Valhalla is a Danish animated feature film released in 1986 by Metronome, based on volumes one, four and five of the comics series of the same name, in its turn based on the Scandinavian tales of the Norse mythology, as they are told in Snorri Sturlusons so-called Younger Edda (c. 1230), and in the Poetic Edda. It was directed by Disney animator Jeffrey J. Varab and cartoonist Peter Madsen, the latter of which is one of the writers and the main artist on the Valhalla comics. The movie takes plot elements told from the three comic albums "Cry Wolf", "The Story of Quark" and "The Journey to Utgard-Loki".

The film was the most expensive Danish film of 1986 and proved popular with audiences with over half a million sold tickets, matching a tenth of Denmark's population at the time. However the enormous cost of the film prevented the producers from regaining the cost of production and, as a result, the film became a financial flop at the box office.

== Plot ==
Thor and Loki habitually visit Midgard (Earth), and one evening they take refuge for the night at a lonesome farmhouse, inhabited by a couple of ordinary Norse peasants and their two children, a boy named Tjalvi and his younger sister Röskva. Thor generously offers one of his goats which is dragging his chariot, as a feast dinner for all of them, but strongly warns any of the members of the household from breaking the bones. Loki, always treacherous, persuades the boy Tjalvi into doing exactly that, for the sake of the delicious marrow inside.

The next morning, Thor revives his goat, but is infuriated when he discovers that the animal has become lame. Loki suggests that they take the boy Tjalvi with them to Asgard as a servant as compensation. The gods and their new servant leave the farm and go back to Asgard via the Bifröst bridge. Once they arrive, they soon discover that Røskva has stowed away in the chariot, and so she is allowed to follow the company and her brother to Thor's home Bilskirnir. The glamor of the gods soon vanishes, as Thor is frequently away from home on new adventures, leaving Tjalvi and Røskva with the same menial tasks they did at home.

One day Loki shows up with a small nonverbal jötunn or "giant" boy named Quark, who almost immediately causes havoc in the thunder god's home.
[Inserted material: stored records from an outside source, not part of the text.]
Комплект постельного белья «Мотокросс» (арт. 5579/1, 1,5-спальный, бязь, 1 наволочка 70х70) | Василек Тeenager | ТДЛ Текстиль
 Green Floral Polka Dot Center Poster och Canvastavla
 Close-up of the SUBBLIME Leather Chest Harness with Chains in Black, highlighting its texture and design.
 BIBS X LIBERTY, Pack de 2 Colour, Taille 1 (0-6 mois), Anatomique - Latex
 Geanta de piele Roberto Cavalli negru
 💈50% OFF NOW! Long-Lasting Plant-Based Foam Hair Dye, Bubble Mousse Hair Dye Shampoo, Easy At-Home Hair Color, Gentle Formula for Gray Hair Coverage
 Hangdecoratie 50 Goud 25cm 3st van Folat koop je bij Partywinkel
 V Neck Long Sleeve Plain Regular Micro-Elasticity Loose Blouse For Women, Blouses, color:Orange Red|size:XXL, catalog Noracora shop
At first Loki claims that Quark 'followed him' home, but finally professes he 'won' Quark when he lost a bet with Utgard-Loki and now has to keep the boy until he behaves properly. Thor and Sif are driven crazy by Quark's antics and leaves. Soon, the children and Quark find they have something in common and befriend each other, while Loki just makes himself comfortably in 'his' new home. He acts as a lazy and cruel master of the house and the children and Quark finally run away to look up the mighty chief of the gods Odin, who lives in nearby Valhalla and who they suppose will help them against the unfair behaviour of Loki. Through Odin impassively listens to Røskva, the children are thrown out when Quark bothers the head of Mimir.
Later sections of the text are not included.